Nach den Vorgaben der EU-Verordnung 1143/2014 muss jedes Vorkommen der Asiatischen Hornisse bei den zuständigen Umweltbehörden gemeldet werden (in Bayern die unteren Naturschutzbehörden der Landkreise bzw. kreisfreien Städte). Die heimische Hornisse (Vespa crabro) ist als besonders geschützte Art nach Bundesartenschutz-Verordnung (BArtSchV Anl. 1) i. V. m. § 44 Bundesnaturschutzgesetz (BNatSchG) eingestuft. Daher ist es in der Praxis wichtig, beide Arten nicht zu verwechseln. Die Asiatische Hornisse lässt sich, wie oben beschrieben, gut und einfach von der heimischen Hornisse unterscheiden.
Das Institut für Bienenkunde und Imkerei (IBI) der LWG in Veitshöchheim hat eine Unterscheidungshilfe im Scheckkartenformat herausgebracht, die an Imker verteilt wurde. Außerdem wurde dort bereits 2017 erfolgreich das Vorwarnsystem „Bee Warned" gegen die Asiatische Hornisse und den Kleinen Beutenkäfer eingeführt (Höcherl und Berg 2017, 2019). Die „BeeWarned" Internetseite ist auch die offizielle Meldeplattform für verifizierte Funde der Asiatischen Hornisse.
Ausblick
Das Gefahrenpotential der Asiatischen Hornisse für heimische Arten wie v. a. Honigbiene (Apis mellifera) und Hornisse (Vespa crabro) bleibt abzuwarten. Die Gefährlichkeit dieses Insekts für den Menschen wird leider häufig übertrieben. Aufgrund ihrer hohen Individuenzahl und Nestdichte kann die Asiatische Hornisse Einfluss auf die Biodiversität nehmen. Für die Imkerschaft ist es eine neue Herausforderung, der jedoch mit Maßnahmen wie dem Schutz der Bienenvölker durch spezielle Vorbauten an den Bienenkästen bis zu einem gewissen Grad begegnet werden kann.
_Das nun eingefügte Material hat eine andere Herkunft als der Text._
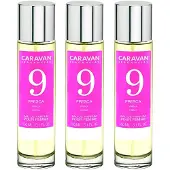 Caravan Profumo Nº9 150ml 3 Unità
Sollten die Völker der Asiatischen Hornisse in Deutschland aufgrund ungünstigerer klimatischer Bedingungen grundsätzlich individuenärmer bleiben, wären damit auch viele mögliche Problemszenarien abgemildert (Witt 2015).
Ihre Einwanderung gilt mittlerweile als unumkehrbar. Wir werden mit dieser Art leben müssen. Das Monitoring und die Beobachtung dieser „neuen" Insektenart soll aber helfen, deren Ausbreitung zu erfassen und zu dokumentieren. Eine erhöhte Aufmerksamkeit, v. a. der Imker und der interessierten Naturbeobachter, ist weiterhin notwendig und sinnvoll, aber ohne Hysterie auf der einen oder Verharmlosung auf der anderen Seite.